▸ Prompt
From the line that contains "Father and Son" to the end of the entries, copy each line exactly, though the pictures stay out.

▸ Data provided
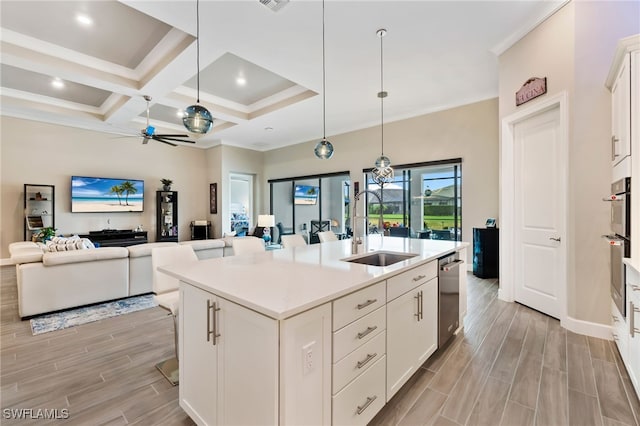 kitchen featuring pendant lighting, crown molding, a breakfast bar area, white cabinetry, and a center island with sink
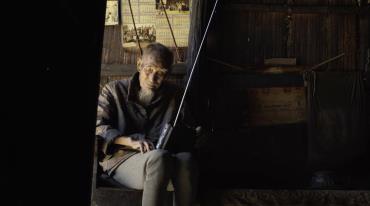 Elderly person holding a radio, seated inside a dim wooden cabin.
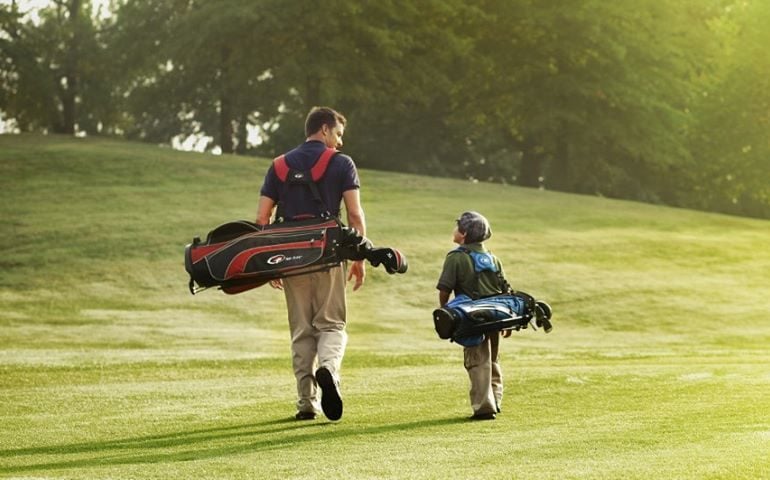 Father and Son walk on golf course with golf clubs slung over their shoulders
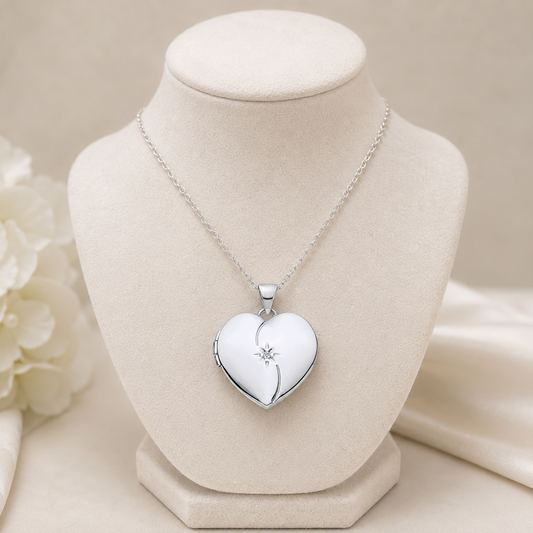 Heart Shaped Silver Locket on a display bust with an elegant chain and floral background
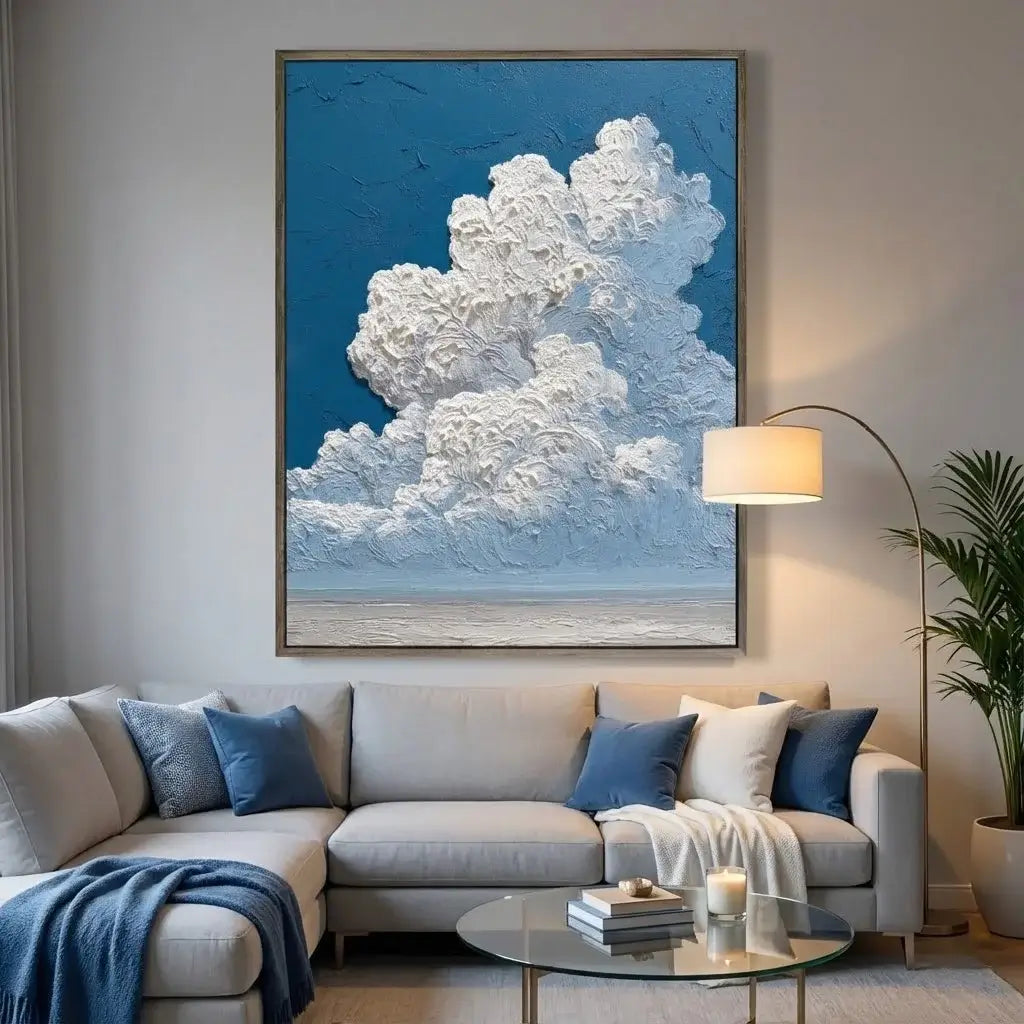 Living room with a sectional sofa, decorative pillows, a coffee table, and a large cloud art piece on the wall.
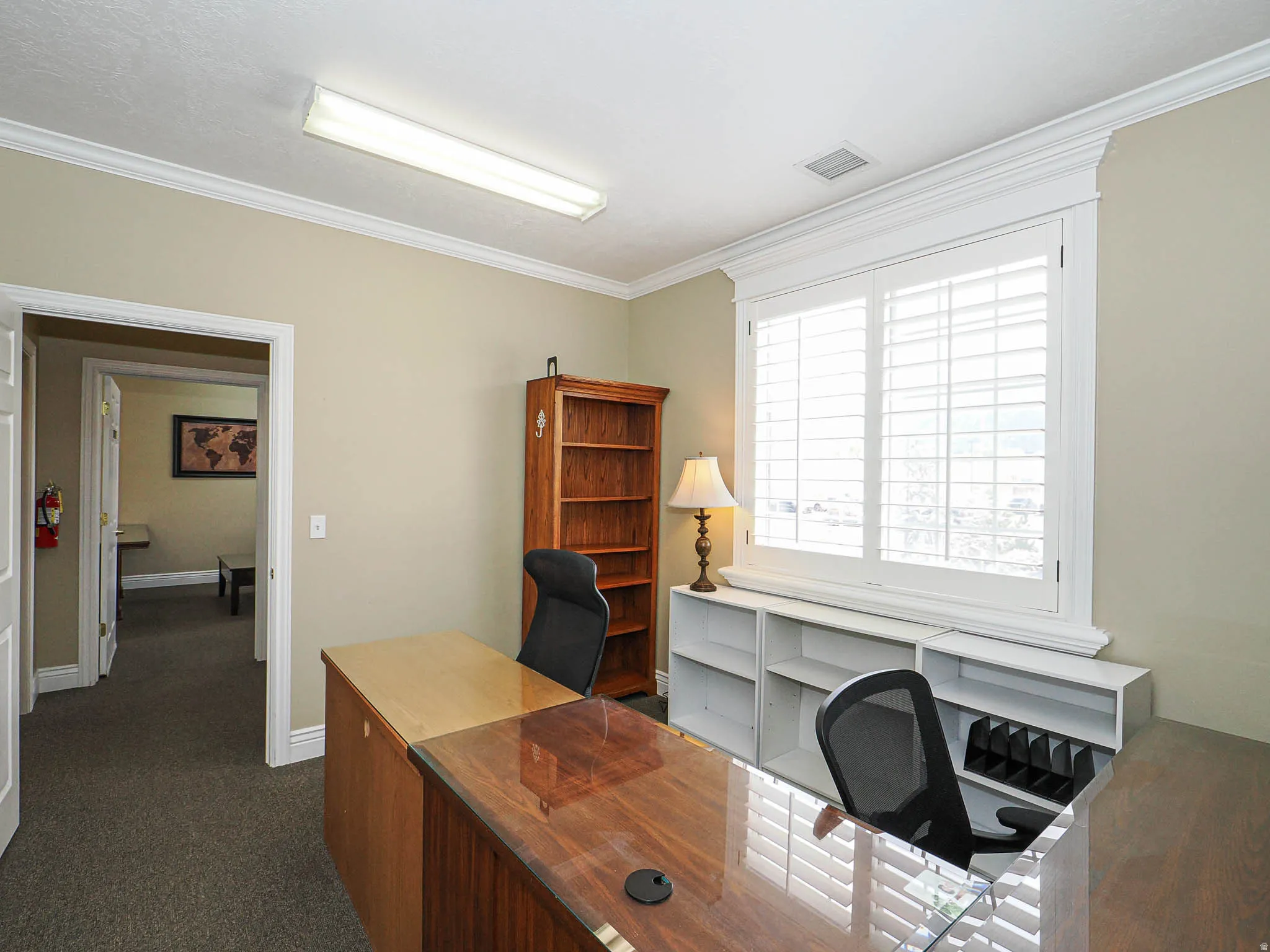 Home office with crown molding and dark carpet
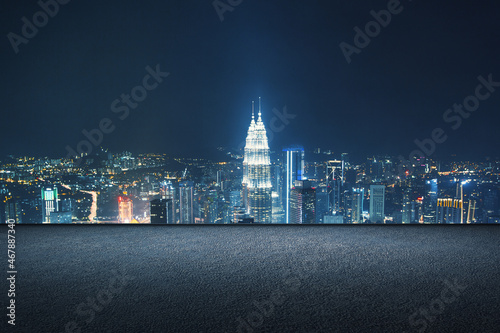 Concrete rooftop with night city view and mock up place for your advertisement. Beautiful backdrop. Downtown and urban concept.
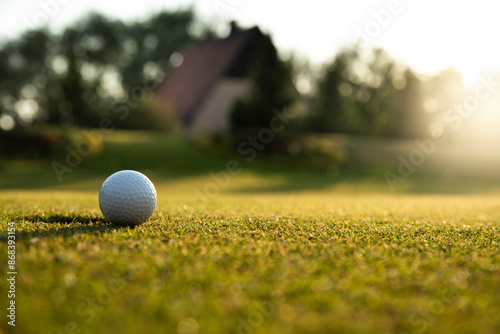 Closeup Golf ball on green grass on course, Sport and lifestyle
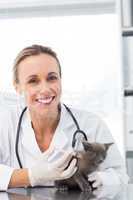 Female vet injecting a kitten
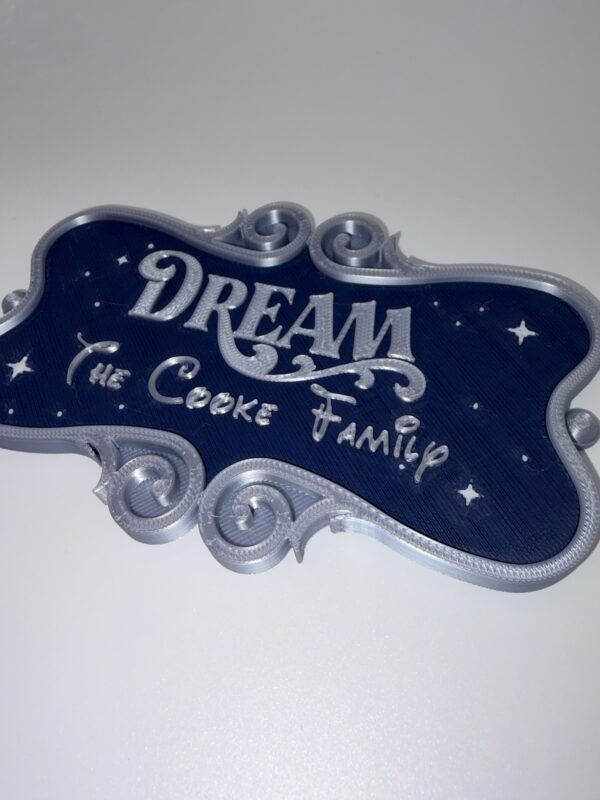 Personalised cruise ornate stateroom door plaque showing year text option — navy and silver 3D printed magnetic cruise door decoration with ornate scroll frame, UK made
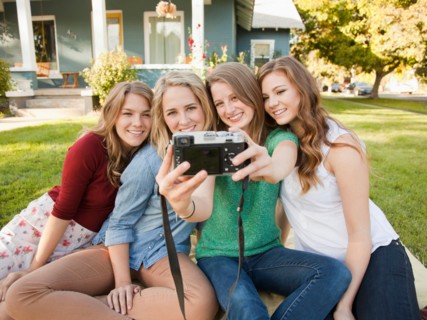 Portrait of four friends taking picture of themselves. Photo : Jessica Peterson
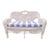 Vintage white wicker settee featuring beautifully detailed handwoven craftsmanship and an elegant scalloped silhouette....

▸ Finished task
 Father and Son walk on golf course with golf clubs slung over their shoulders
 Heart Shaped Silver Locket on a display bust with an elegant chain and floral background
 Living room with a sectional sofa, decorative pillows, a coffee table, and a large cloud art piece on the wall.
 Home office with crown molding and dark carpet
 Concrete rooftop with night city view and mock up place for your advertisement. Beautiful backdrop. Downtown and urban concept.
 Closeup Golf ball on green grass on course, Sport and lifestyle
 Female vet injecting a kitten
 Personalised cruise ornate stateroom door plaque showing year text option — navy and silver 3D printed magnetic cruise door decoration with ornate scroll frame, UK made
 Portrait of four friends taking picture of themselves. Photo : Jessica Peterson
 Vintage white wicker settee featuring beautifully detailed handwoven craftsmanship and an elegant scalloped silhouette....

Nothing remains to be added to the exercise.